There is a disturbing trend brewing in your child’s world: treat bags.
Kids receive them when they attend a birthday party, and from school on Halloween and Valentine’s Day. My issue is not with purchasing items for treat bags, it is with receiving them. Times three.
Here’s why: The bag comes home with the kid. Initially, they are excited and tear them apart, leaving the contents all over the dining room table, where they are soon forgotten.
That is, they are forgotten by the kid. You, on the other hand, will put the items back in the treat bag and then you have two options: orchestrate covert mission to get the treat bag in the garbage or face certain turmoil for weeks on end as you move the bag from table to counter to junk drawer.
You will decide against the disposal mission. Too dangerous. You will sigh with resignation as you move the bag from table to counter for the first time. Over the next month, each time the child sees the treat bag, they will dump it out. The treat bag seems innocuous, but you will learn that each bag is filled with Tiny Parent Torture Devices (TPTD).
Have you ever actually seen a child wearing a plastic ring? You wonder. No. Because nobody wears them. They hurt. The plastic digs into chubby little fingers. You know because you have tried them on. And then the children will leave the spider ring on the floor, and you will run screaming from the room at least three times before you finally spike it into the garbage with excessive force. Sometimes, aggression against tiny, plastic spider rings feels good.
You and your child will discover the glow stick was accidentally cracked and has been burned out for days. Hysterical crying will ensue. At some point, it will be you who is crying. You will promise to buy hundreds of glow sticks on your next Target run.
Tiny bottles of bubbles:
They seem ideal. What child does not love bubbles? They ALL love bubbles. You know who does not like bubbles? You do not. At least not when you are sitting outside with the child with the tiny bottle of bubbles and you have to go in the house 5,134 times to refill the tiny bottle with dish soap and water. And you get the ratio of soap to water wrong. Every. Single. Time.
These are not bad if you can find a place to keep them. Whenever the kid whines that they cannot find a pencil for homework, you can open up the kitchen drawer to reveal dozens, no HUNDREDS, of Halloween and Valentine’s pencils. You will never buy pencils for home again.
Tiny pads of paper:
What exactly would one use these for, you wonder. You will want to put them in the garbage, but you will not. You will put them in the recycling bin.

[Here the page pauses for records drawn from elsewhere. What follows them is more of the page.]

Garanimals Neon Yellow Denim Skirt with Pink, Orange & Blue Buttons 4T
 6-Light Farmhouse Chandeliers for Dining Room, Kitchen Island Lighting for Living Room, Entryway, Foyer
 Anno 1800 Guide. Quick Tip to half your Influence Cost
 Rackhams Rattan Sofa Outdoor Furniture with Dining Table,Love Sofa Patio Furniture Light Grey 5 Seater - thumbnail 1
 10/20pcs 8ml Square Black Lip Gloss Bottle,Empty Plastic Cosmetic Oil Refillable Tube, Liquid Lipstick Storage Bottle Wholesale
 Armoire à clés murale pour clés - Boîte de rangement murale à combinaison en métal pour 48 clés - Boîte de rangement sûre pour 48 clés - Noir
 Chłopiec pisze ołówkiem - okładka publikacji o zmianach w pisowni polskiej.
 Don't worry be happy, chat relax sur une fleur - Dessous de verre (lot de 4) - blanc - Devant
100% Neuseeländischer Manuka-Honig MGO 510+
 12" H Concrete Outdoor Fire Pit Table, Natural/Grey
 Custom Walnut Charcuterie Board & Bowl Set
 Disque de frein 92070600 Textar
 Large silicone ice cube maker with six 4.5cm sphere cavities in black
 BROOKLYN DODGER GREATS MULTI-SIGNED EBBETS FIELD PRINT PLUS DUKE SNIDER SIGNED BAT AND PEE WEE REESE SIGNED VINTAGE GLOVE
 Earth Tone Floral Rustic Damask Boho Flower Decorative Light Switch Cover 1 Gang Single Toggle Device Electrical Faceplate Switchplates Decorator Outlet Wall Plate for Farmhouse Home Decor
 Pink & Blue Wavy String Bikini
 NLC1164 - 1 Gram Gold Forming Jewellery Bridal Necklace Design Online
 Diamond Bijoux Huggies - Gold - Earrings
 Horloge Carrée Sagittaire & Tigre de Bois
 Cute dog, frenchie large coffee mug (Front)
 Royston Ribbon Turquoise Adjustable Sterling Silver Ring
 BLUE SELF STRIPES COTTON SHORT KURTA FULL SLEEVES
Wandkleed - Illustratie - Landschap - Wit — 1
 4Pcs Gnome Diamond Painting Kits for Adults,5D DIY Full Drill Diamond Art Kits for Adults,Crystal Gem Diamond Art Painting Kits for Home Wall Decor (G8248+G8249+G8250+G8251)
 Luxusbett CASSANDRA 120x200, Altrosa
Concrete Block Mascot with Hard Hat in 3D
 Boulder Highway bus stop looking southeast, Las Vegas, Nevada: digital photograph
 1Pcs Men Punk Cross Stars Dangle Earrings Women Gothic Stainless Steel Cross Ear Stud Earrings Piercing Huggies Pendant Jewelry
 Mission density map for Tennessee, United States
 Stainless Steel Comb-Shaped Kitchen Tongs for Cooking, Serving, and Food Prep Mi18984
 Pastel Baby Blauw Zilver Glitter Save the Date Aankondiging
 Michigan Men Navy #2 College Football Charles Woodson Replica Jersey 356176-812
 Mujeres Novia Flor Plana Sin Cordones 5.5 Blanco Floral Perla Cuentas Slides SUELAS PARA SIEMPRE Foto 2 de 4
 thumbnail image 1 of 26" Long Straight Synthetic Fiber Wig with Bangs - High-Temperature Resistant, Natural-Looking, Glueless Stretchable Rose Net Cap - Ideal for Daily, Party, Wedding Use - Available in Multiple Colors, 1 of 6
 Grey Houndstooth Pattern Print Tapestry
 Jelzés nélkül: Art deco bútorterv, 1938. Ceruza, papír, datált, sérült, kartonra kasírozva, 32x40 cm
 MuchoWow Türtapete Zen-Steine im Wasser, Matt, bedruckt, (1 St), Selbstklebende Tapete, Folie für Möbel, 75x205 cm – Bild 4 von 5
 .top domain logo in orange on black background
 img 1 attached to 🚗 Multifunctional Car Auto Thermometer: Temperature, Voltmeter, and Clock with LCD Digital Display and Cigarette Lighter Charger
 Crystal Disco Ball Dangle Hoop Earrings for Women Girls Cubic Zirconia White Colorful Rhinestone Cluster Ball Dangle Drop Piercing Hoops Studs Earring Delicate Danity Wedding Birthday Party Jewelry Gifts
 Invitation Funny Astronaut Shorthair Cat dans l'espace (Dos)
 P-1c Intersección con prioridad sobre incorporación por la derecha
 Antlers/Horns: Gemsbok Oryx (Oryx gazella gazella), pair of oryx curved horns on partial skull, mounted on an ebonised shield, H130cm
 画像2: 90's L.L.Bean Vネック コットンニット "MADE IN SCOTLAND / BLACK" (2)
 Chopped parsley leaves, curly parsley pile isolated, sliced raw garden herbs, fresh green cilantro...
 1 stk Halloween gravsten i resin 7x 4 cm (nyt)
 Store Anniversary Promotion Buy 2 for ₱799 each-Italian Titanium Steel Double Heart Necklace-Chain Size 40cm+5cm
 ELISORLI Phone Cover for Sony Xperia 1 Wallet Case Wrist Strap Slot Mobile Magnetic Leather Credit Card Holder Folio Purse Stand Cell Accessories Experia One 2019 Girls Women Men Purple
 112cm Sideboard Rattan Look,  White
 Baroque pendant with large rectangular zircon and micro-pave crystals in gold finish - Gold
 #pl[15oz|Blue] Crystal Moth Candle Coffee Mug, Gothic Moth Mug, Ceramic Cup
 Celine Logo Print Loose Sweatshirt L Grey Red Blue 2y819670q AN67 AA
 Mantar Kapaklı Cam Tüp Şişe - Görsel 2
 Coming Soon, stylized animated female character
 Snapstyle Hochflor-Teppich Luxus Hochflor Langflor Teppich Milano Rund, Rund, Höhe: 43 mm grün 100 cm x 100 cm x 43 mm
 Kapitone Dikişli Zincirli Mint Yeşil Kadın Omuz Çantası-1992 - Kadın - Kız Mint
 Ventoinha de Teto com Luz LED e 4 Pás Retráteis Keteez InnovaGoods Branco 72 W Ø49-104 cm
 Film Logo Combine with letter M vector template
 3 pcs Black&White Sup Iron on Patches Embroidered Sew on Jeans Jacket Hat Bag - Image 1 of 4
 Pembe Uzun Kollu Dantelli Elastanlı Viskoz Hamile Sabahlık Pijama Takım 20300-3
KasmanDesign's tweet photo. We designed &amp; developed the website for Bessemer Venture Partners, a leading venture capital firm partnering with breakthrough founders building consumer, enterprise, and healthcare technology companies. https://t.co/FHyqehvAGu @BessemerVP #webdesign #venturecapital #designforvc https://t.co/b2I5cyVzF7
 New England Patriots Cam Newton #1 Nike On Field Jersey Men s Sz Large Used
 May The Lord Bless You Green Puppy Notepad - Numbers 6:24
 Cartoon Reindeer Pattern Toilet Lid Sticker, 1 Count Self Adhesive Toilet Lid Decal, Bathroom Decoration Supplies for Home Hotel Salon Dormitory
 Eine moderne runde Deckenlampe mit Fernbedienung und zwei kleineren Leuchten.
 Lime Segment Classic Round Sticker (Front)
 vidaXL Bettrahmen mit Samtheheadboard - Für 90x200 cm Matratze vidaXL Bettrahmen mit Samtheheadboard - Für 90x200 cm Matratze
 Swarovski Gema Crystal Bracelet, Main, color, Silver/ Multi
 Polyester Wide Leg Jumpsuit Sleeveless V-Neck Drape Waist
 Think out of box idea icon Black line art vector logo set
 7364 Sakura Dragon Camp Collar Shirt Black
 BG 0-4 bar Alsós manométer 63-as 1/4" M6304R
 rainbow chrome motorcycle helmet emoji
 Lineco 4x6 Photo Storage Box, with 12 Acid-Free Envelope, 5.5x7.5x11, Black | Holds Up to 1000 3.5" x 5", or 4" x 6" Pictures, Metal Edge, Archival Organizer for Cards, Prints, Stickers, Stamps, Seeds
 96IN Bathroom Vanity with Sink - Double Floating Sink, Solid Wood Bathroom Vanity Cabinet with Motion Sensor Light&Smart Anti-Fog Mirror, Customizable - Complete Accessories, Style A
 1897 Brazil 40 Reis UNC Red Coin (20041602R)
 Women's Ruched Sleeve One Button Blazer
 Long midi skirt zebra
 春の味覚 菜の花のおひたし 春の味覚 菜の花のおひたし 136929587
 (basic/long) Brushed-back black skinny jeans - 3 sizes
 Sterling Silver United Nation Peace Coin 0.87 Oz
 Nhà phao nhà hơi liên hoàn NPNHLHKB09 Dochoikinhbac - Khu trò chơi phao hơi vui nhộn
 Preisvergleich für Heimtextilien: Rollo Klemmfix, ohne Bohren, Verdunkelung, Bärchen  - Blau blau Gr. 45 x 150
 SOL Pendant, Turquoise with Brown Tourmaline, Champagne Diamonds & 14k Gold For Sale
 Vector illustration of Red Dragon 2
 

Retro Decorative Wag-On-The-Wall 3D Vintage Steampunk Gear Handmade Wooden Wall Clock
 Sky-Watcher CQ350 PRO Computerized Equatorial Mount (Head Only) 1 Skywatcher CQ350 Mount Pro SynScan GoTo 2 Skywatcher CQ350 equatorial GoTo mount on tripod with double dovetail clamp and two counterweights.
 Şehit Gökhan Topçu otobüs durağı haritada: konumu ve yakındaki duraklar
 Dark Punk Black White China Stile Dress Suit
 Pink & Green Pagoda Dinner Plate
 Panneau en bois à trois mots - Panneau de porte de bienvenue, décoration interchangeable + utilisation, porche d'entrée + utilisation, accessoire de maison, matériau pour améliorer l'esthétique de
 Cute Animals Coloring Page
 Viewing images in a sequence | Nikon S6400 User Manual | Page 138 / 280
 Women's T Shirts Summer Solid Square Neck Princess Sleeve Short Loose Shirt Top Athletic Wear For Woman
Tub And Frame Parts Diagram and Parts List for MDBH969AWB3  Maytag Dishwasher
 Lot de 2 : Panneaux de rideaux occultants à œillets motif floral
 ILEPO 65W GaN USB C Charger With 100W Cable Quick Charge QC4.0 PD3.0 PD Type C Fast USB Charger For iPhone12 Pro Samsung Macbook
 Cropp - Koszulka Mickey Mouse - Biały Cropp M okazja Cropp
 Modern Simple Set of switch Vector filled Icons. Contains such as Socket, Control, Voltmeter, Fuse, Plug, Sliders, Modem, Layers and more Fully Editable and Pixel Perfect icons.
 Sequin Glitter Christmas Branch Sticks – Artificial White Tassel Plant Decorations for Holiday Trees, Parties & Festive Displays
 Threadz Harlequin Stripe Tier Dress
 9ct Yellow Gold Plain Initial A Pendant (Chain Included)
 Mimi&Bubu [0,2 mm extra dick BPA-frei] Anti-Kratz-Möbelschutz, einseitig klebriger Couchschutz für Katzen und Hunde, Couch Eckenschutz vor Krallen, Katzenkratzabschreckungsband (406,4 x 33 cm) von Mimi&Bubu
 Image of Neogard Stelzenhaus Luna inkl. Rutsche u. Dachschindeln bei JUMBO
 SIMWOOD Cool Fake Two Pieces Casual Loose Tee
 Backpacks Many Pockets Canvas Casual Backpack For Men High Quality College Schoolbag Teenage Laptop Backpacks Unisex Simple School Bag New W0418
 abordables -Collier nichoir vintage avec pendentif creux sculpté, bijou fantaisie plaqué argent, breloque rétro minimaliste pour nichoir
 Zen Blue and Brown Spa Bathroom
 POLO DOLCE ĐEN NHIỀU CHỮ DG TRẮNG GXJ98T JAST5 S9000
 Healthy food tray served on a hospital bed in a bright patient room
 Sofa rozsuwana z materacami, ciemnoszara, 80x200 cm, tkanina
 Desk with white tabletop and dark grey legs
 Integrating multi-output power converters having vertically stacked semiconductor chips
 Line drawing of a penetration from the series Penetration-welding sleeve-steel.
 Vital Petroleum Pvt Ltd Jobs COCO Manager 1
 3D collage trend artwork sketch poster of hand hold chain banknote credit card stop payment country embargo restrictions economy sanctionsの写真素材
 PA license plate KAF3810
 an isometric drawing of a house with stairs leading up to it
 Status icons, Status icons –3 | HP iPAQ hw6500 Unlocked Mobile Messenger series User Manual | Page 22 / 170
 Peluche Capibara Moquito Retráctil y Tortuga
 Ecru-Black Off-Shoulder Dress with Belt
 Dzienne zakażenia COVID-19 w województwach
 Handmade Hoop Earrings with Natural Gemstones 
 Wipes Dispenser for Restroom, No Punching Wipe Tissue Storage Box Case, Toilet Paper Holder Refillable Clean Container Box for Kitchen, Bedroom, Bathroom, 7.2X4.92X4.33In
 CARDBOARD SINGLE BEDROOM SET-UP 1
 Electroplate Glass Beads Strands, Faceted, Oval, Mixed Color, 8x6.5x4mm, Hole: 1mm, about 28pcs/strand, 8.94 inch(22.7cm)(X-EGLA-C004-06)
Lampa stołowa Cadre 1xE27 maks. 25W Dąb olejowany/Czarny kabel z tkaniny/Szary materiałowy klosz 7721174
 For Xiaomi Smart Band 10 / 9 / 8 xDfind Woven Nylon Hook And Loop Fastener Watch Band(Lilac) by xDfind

You are an environmentalist, after all.
You will soon realize that unless the child is hiking in the woods where bears might be present, no child should be given a whistle. Ever.
Tiny little mazes:
The kids will not play with them. But you will. You will torture yourself for hours trying to get that tiny metallic ball to its home. Perhaps you and your spouse will make a drinking game out of it some Friday night. Aaaaah, marital bonding over spirits and tiny mazes. Good times.
The only place you will ever find stickers is stuck to hardwood floors and windows. You will appreciate the quiet while the child is carefully placing said stickers all over said floor; however, the hour of hard labor to scrape them off will make it seem not worth it. Or maybe it WAS worth it. Depends on the day.
Either way, it will not take long before you will determine that for the love of parents and their sanity, a silent agreement must be made: no more treat bags!